→ **TASK DETAILS**
Please write out all of the data below exactly, without including the pictures.

→ **PROVIDED MATERIAL**
--- START ---

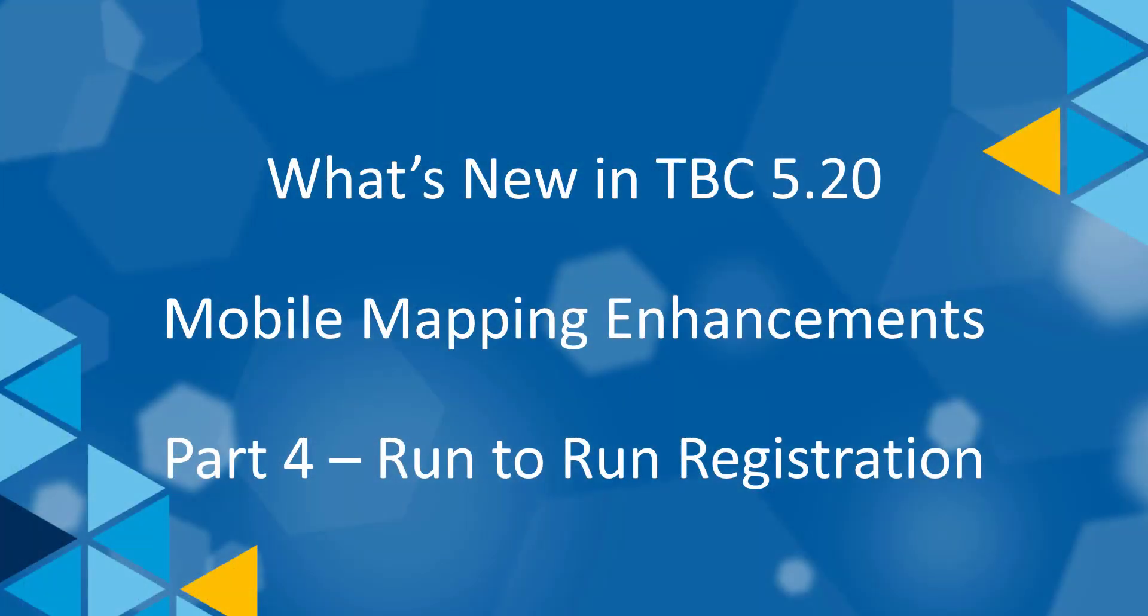Hello, welcome back. In the last video, we registered an MX9 run with some ground control points and validated the result with checkpoints.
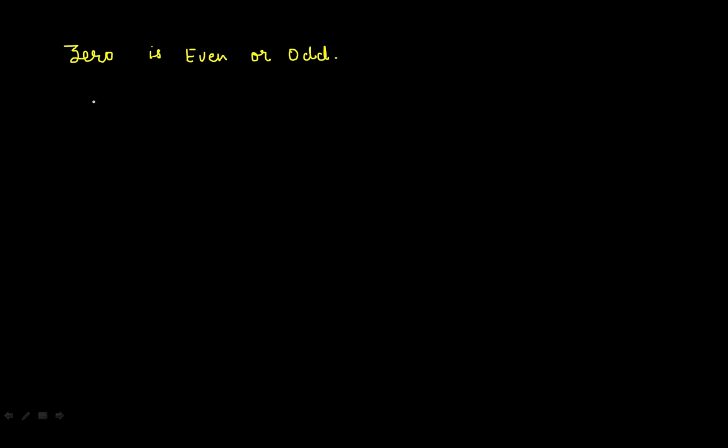Hello friends, my name is Chytan Vadadya and today we are going to find out whether 0 is even or odd.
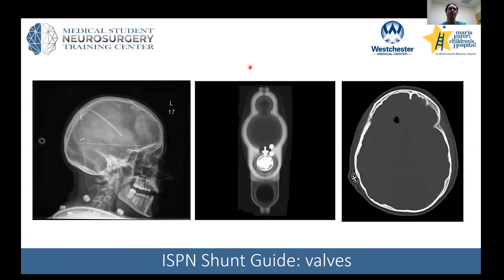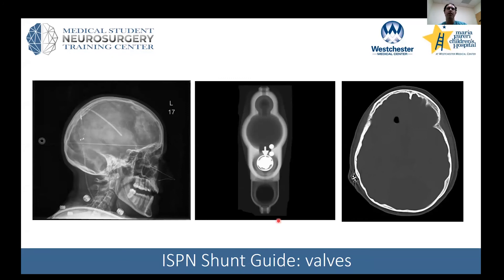Here are some examples of shunt valves. With a lateral skull x-ray you can usually get a good look at the markings — the catheter going into the ventricle, the valve, and then the tubing tunneled to the abdomen or another body site. Axial bone window CT can be very helpful to trace the valve and tubing. The International Society for Pediatric Neurosurgery has a website called the Shunt Guide, which covers commonly used valves, their radiographic appearance, and pressure settings — a great resource to bookmark for when you're an intern sorting out which valve a patient has.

--- END ---

→ **ANSWER TO THE EXERCISE**
Hello, welcome back. In the last video, we registered an MX9 run with some ground control points and validated the result with checkpoints.
Hello friends, my name is Chytan Vadadya and today we are going to find out whether 0 is even or odd.
Here are some examples of shunt valves. With a lateral skull x-ray you can usually get a good look at the markings — the catheter going into the ventricle, the valve, and then the tubing tunneled to the abdomen or another body site. Axial bone window CT can be very helpful to trace the valve and tubing. The International Society for Pediatric Neurosurgery has a website called the Shunt Guide, which covers commonly used valves, their radiographic appearance, and pressure settings — a great resource to bookmark for when you're an intern sorting out which valve a patient has.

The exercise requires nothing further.